What is being asked:
Nothing but the lines from the one with "Petit sac porté" through the end of the material should be retyped, word for word and without pictures.

====

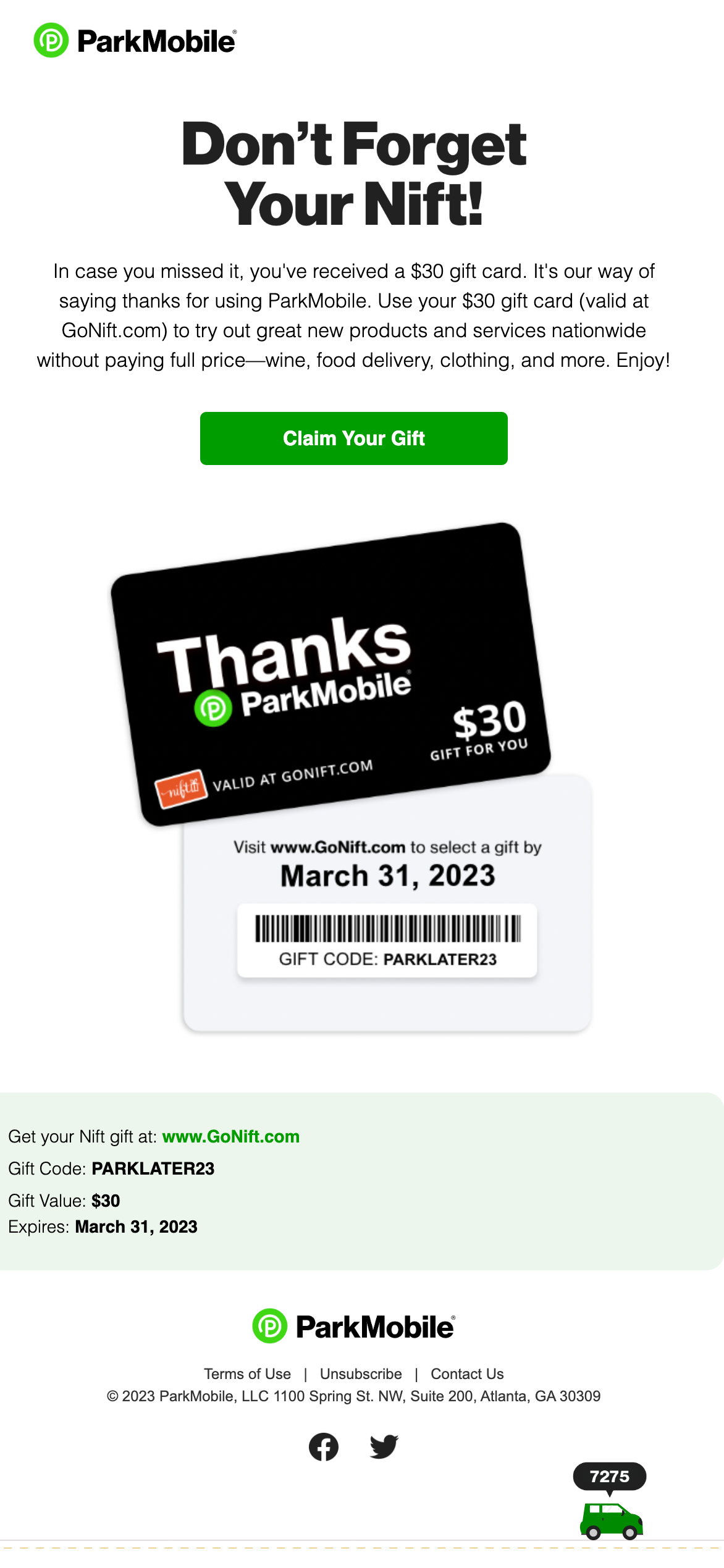 ParkMobile email on free gift card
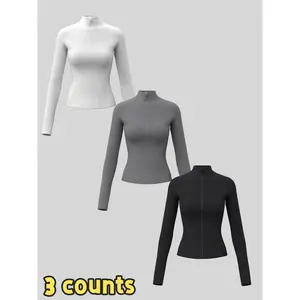 Women's Solid Zip Up Sports Jacket, Sporty Thumb Hole Long Sleeve Outerwear for Gym Workout Running, Ladies Sportswear for All Seasons, Sporty Breathable Outerwear, Modern and Comfortable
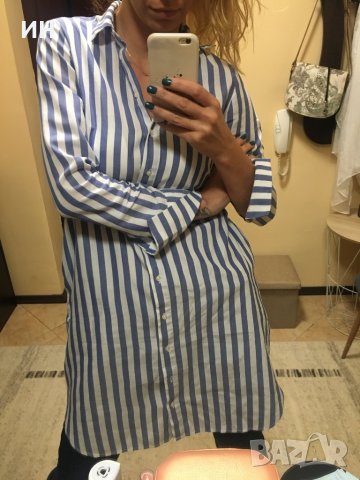 Риза рокля в бяло и светло синьо, снимка 14 - Рокли - 29423445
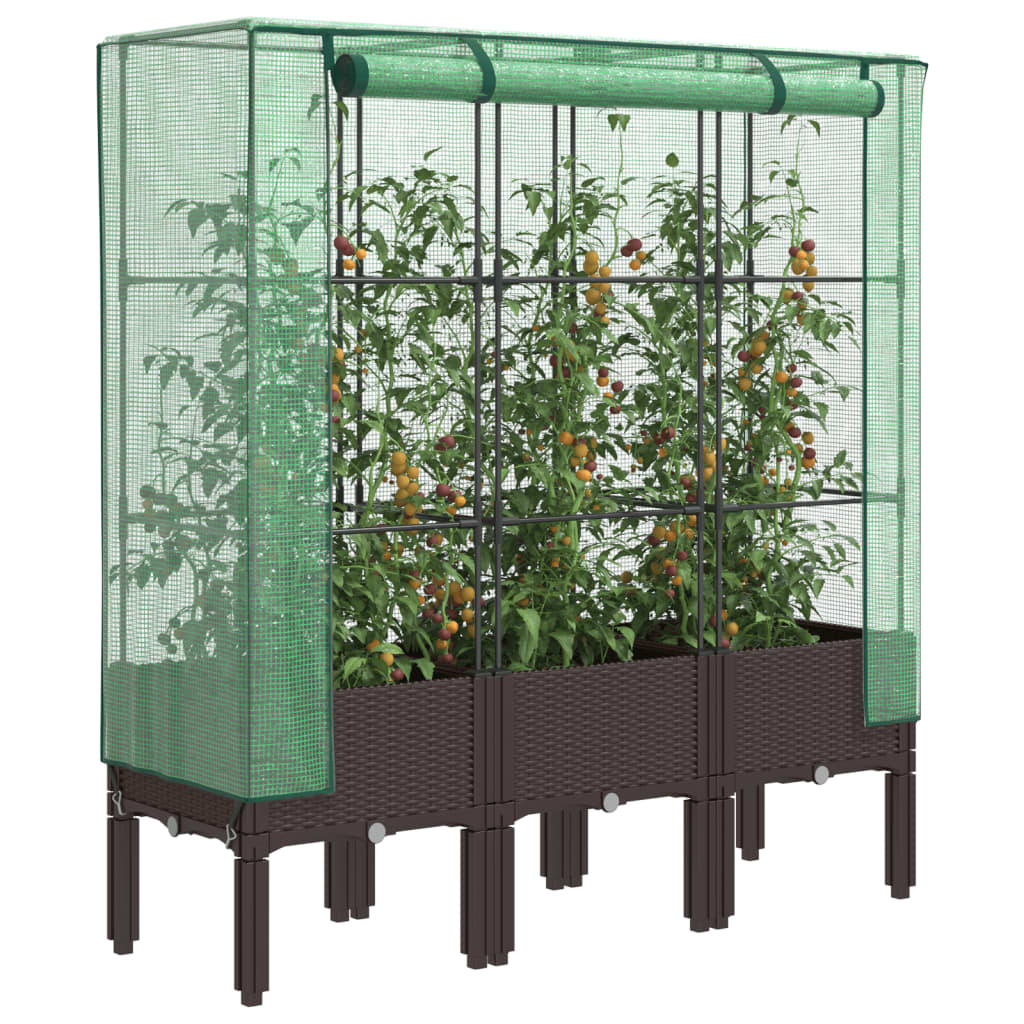 Plantenbak verhoogd met kashoes 120x40x140 cm rattanlook is nu te koop bij PeponiXL, paradijselijk wonen!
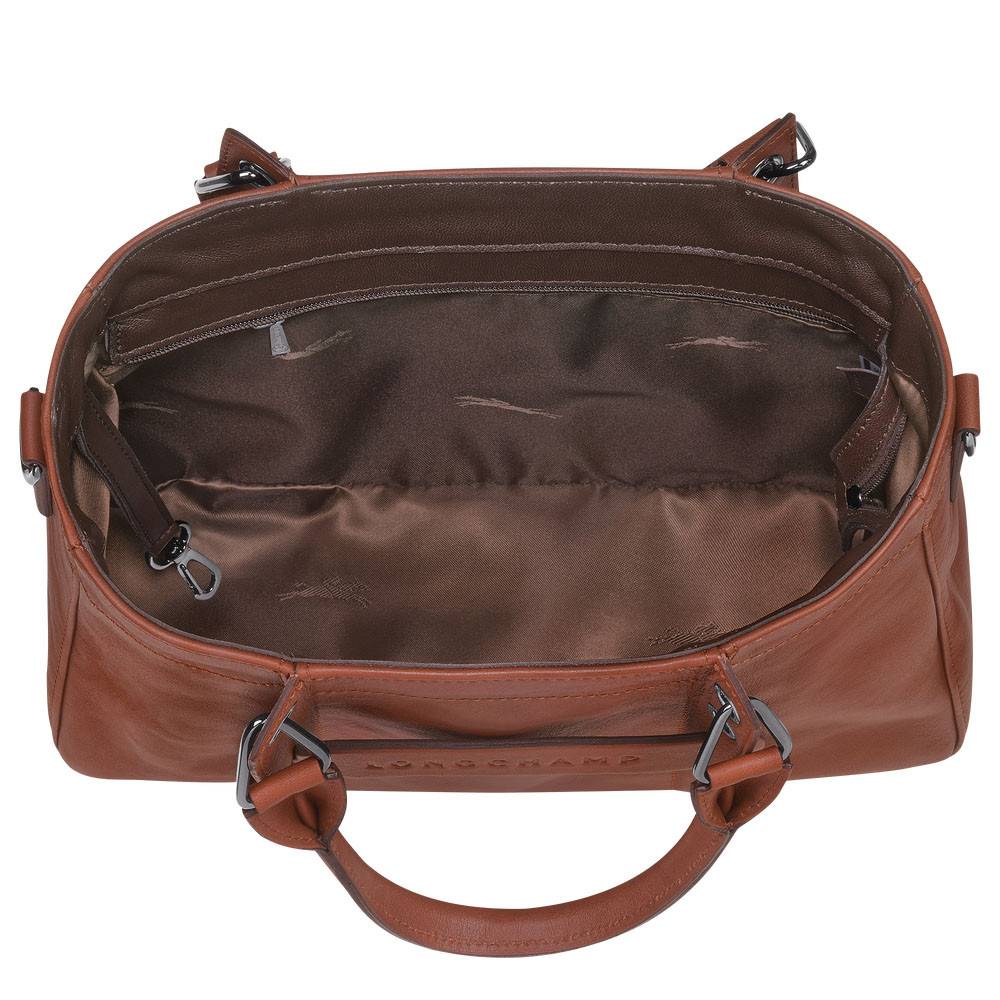 Petit sac porté main S Longchamp 3D L1115772504 Cognac vue intérieure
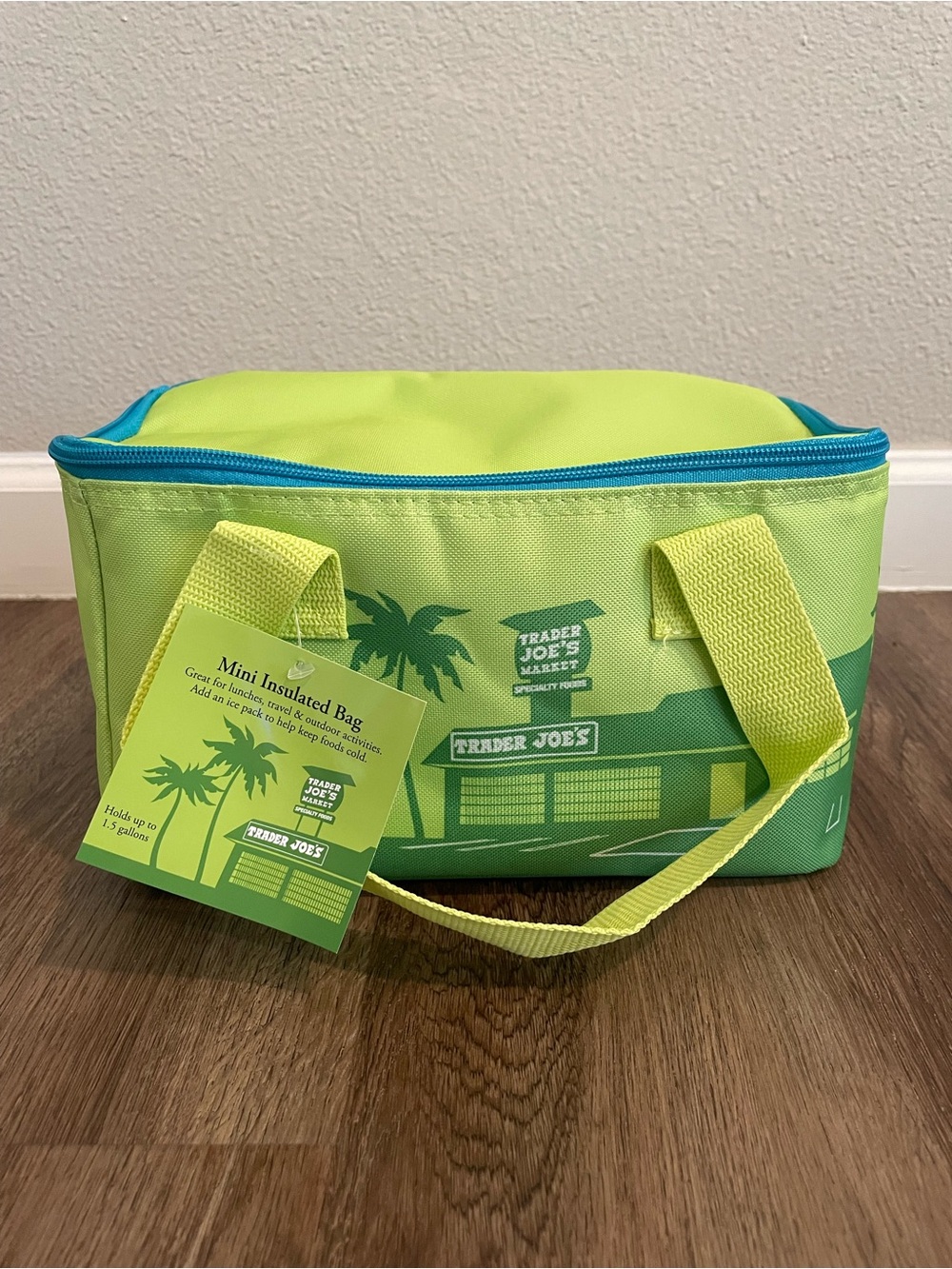 Trader Joe's Mini Insulated Bag - Lime Green with Teal Trim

====

Exercise result:
 Petit sac porté main S Longchamp 3D L1115772504 Cognac vue intérieure
 Trader Joe's Mini Insulated Bag - Lime Green with Teal Trim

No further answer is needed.